You must understand that ANY driver goes down to 0 Hz, or DC. If you put a battery across a speaker, the cone moves out and stays there. If you were to have a DC coupled power amp feeding a speaker - ANY speaker, from a 1" dome tweeter to an 18" rock n roll stage bass driver - and you put 4 Hz into it, it would simply move back and forth at 4 Hz. Of course in order to actually "hear" the audio it would have to be in the generally accepted passband of 20-20,000 Hz and the cone diameter would have to be enough to actually move some air in the room. So it is the overall combination of the driver size, the excursion, the box size, (therefore the air back pressure) and many other factors that determines the overall response of that "speaker" AS AN ENTITY.

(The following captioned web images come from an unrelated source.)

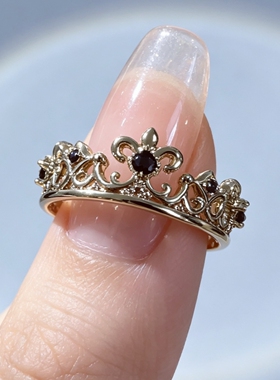 中古咖啡金复古法式黑色锆石雕花戒指小众设计感皇冠蕾丝开口指环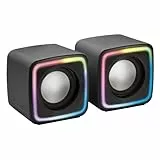 MARSGAMING MSCUBE Nero, Altoparlanti Gaming RGB Compatti, Processore Audio DSP 8W, Controllo Volume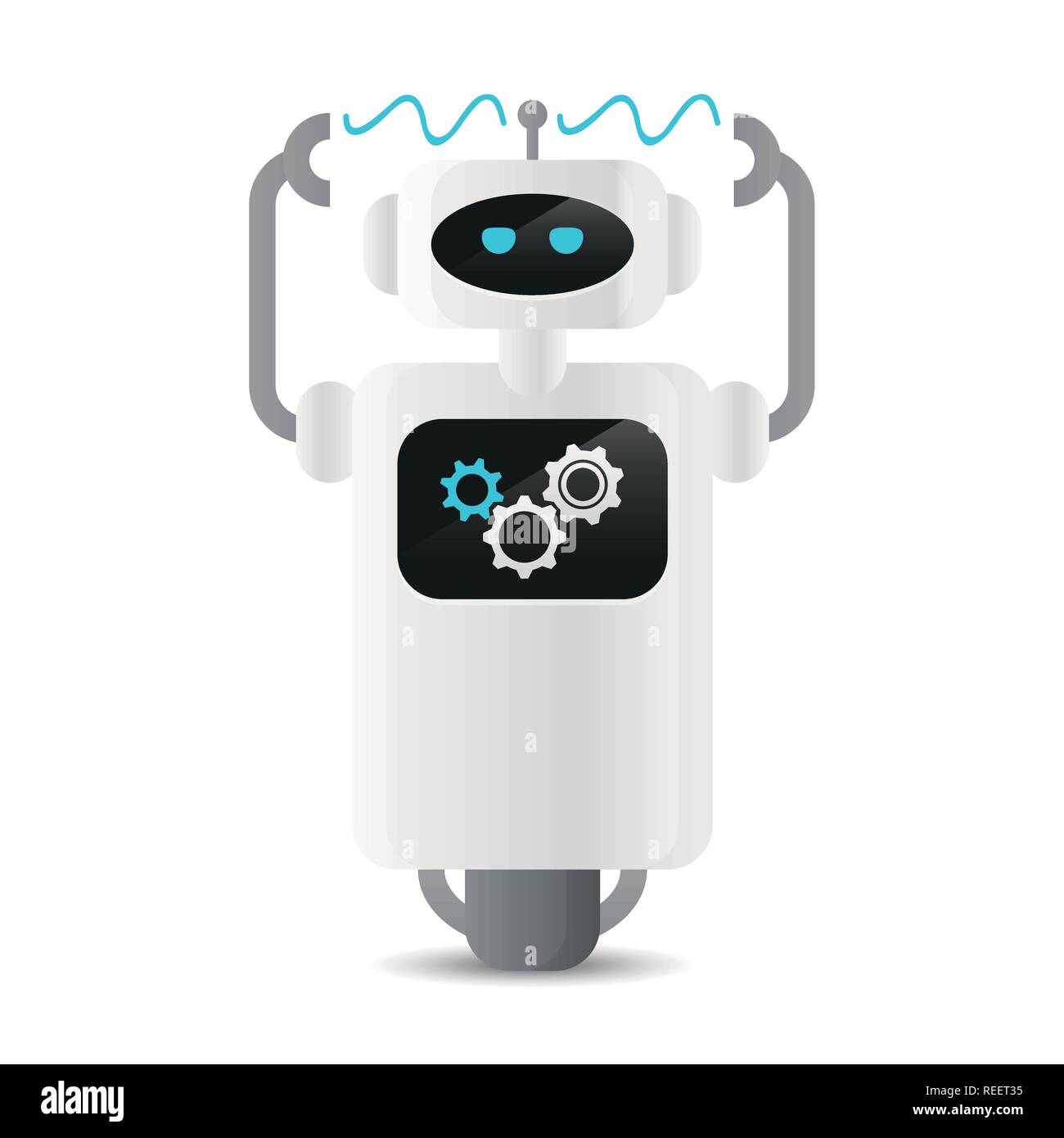 Niedliche Roboter im Arbeitsprozess mit Zahnrad Vektor-illustration EPS 10. Stock Vektor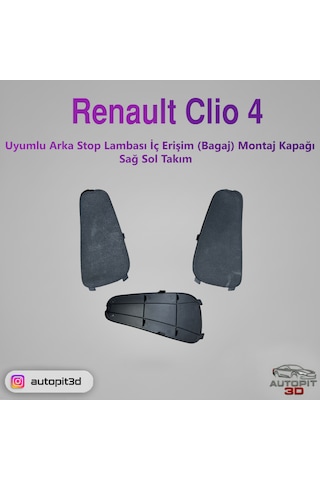 Renault Clio 4 Uyumlu Arka Stop Lambası İç Erişim Bagaj Montaj Kapağı Takımı Sağ + Sol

That means IF you were to simply put those same frequencies through the mains and the sub (that means with no crossover, and this is the mistake that nearly everyone makes) you would now have 3 sources of LF energy and differing phase: the 'main' LF driver, the port, and the sub, all fighting with each other. A further corollary is that since the air inside the [mains] cabinet is elastic, the phase relationship of the port air to the driver air is also a sliding one; that means it's "out of phase" — and smearing — over a wider range of frequencies than you might think.
If the port is on the back, again a cheap attempt to use the back wave bouncing off a wall to give 'additional' bass, you have the ADDITIONAL issue of the transit time it takes for the back port pressure (already delayed because of the elasticity) to leave the cabinet, travel back, hit a wall, and bounce back around the front of the cabinet again; therefore this LF wave MIGHT be "in phase" with the front driver BUT BE 360 OR EVEN 720 DEGREES LATE; therefore it sounds like the bass frequencies are ok in the frequency domain but the IMPULSE RESPONSE is now muddied.
Also, in the case of back ported or (type 5) dipole speakers, since the path length from the back of the speaker to the wall and bouncing back around to the front of the speaker is a fixed physical entity, at some frequencies you are adding and at some frequencies you are canceling: you have simply made a physical/mechanical frequency comb filter that you can't do anything about. Sound Lab's answer to this (for use with their flat panel electrostatic speakers, which are dipoles) is they sell you a "Sallie", which is an absorber to absorb the entire back wave output of the electrostatic panel. Since now there is no comb filtering; all you are therefore hearing is the front signal.